JANNA BROWER
After nearly 100 years, the stars may finally be aligned so that the Federal Trade Commission can live up to its original promise. The FTC, a small agency created in 1914 during the Progressive Era, was endowed with a potent authority for promoting competition and consumer protection that it has never fully used. This includes investigative authority over virtually all businesses, backed by subpoena power and the capacity to demand reports of data that corporations would rather withhold from public view.
The FTC and its antitrust big brother, the Justice Department, have for generations competed, not partnered. Now the stage is set for a more productive collaboration, with the FTC taking more far-reaching and innovative approaches to corporate giantism. Recently President Obama's chief antitrust enforcer at the Justice Department, Christine Varney, announced a return to aggressive antitrust enforcement. What was not generally noted by the press was that Varney had previously served as a Democratic FTC commissioner and has a deep commitment to the agency's broad mandate. After decades of Justice Department antitrust chiefs looking down their noses at the FTC's efforts to expand its antimonopoly reach, the agency now has an ally and partner at Justice.

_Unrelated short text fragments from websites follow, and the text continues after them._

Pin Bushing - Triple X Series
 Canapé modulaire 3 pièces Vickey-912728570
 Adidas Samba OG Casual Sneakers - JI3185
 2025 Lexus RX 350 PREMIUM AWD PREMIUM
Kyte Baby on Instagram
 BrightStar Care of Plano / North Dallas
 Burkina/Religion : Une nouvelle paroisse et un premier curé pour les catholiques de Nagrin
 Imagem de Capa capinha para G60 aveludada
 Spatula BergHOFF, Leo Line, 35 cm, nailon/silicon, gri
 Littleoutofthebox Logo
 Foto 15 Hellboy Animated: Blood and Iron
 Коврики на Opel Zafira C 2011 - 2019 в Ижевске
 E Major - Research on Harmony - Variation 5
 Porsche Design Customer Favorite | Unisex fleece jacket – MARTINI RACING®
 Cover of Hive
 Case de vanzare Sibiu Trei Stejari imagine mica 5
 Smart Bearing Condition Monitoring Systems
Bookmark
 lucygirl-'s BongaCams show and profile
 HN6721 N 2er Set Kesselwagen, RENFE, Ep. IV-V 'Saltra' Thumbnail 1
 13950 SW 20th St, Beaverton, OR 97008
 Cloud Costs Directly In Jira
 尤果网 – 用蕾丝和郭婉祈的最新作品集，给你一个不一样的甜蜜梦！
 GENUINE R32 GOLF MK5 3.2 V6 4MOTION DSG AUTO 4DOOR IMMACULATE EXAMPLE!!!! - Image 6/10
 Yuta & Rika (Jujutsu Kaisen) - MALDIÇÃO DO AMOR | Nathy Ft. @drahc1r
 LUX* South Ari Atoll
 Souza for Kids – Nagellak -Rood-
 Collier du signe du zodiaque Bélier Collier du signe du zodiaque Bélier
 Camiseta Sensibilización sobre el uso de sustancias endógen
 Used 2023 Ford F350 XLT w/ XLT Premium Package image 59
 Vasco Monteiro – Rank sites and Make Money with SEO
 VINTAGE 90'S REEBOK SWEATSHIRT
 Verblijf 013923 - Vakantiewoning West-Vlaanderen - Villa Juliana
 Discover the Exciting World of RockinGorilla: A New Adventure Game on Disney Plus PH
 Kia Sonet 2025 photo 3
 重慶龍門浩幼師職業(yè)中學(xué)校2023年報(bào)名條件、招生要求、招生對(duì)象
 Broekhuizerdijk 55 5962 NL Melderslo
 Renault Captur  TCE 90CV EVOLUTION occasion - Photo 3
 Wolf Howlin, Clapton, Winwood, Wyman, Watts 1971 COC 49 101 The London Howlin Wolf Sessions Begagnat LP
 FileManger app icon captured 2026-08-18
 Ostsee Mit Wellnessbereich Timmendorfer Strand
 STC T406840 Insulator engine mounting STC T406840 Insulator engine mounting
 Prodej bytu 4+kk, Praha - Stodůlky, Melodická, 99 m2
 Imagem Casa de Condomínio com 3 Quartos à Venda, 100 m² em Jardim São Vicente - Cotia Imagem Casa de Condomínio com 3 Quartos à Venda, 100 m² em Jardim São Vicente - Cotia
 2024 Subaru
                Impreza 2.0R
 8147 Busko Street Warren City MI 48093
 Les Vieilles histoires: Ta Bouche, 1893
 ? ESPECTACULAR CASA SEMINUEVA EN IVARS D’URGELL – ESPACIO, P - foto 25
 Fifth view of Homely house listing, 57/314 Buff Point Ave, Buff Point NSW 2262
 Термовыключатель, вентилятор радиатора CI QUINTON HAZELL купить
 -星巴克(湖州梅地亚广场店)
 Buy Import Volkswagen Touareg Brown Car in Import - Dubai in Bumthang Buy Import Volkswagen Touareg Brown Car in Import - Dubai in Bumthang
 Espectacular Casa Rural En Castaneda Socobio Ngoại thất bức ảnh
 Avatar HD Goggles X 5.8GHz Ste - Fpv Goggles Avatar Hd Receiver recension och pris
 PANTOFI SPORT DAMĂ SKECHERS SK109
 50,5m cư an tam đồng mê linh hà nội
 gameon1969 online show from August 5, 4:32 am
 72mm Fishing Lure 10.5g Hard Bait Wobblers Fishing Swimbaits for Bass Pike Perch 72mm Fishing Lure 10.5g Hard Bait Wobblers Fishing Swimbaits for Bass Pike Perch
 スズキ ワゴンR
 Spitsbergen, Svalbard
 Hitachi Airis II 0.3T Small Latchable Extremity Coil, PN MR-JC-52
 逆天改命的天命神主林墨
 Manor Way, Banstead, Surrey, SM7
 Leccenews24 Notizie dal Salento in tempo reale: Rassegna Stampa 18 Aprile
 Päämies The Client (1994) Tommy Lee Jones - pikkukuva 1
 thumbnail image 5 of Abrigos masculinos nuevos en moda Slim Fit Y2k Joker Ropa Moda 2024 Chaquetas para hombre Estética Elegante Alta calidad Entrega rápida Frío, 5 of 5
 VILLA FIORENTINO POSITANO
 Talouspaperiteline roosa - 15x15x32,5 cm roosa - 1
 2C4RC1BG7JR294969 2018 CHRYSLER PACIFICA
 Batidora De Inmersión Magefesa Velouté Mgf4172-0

Under the Bush administration, the FTC performed useful, if modest, tasks and emerged with its competent and committed investigative and prosecutorial staff intact and uncorrupted. Under its chair, William Kovacic, a veteran antitrust enforcer, the FTC went after anticompetitive mergers, recession-spawned debt-collection abuses and Internet fraud, and stubbornly refused to cooperate with the Bush Justice Department's efforts to eviscerate antitrust enforcement.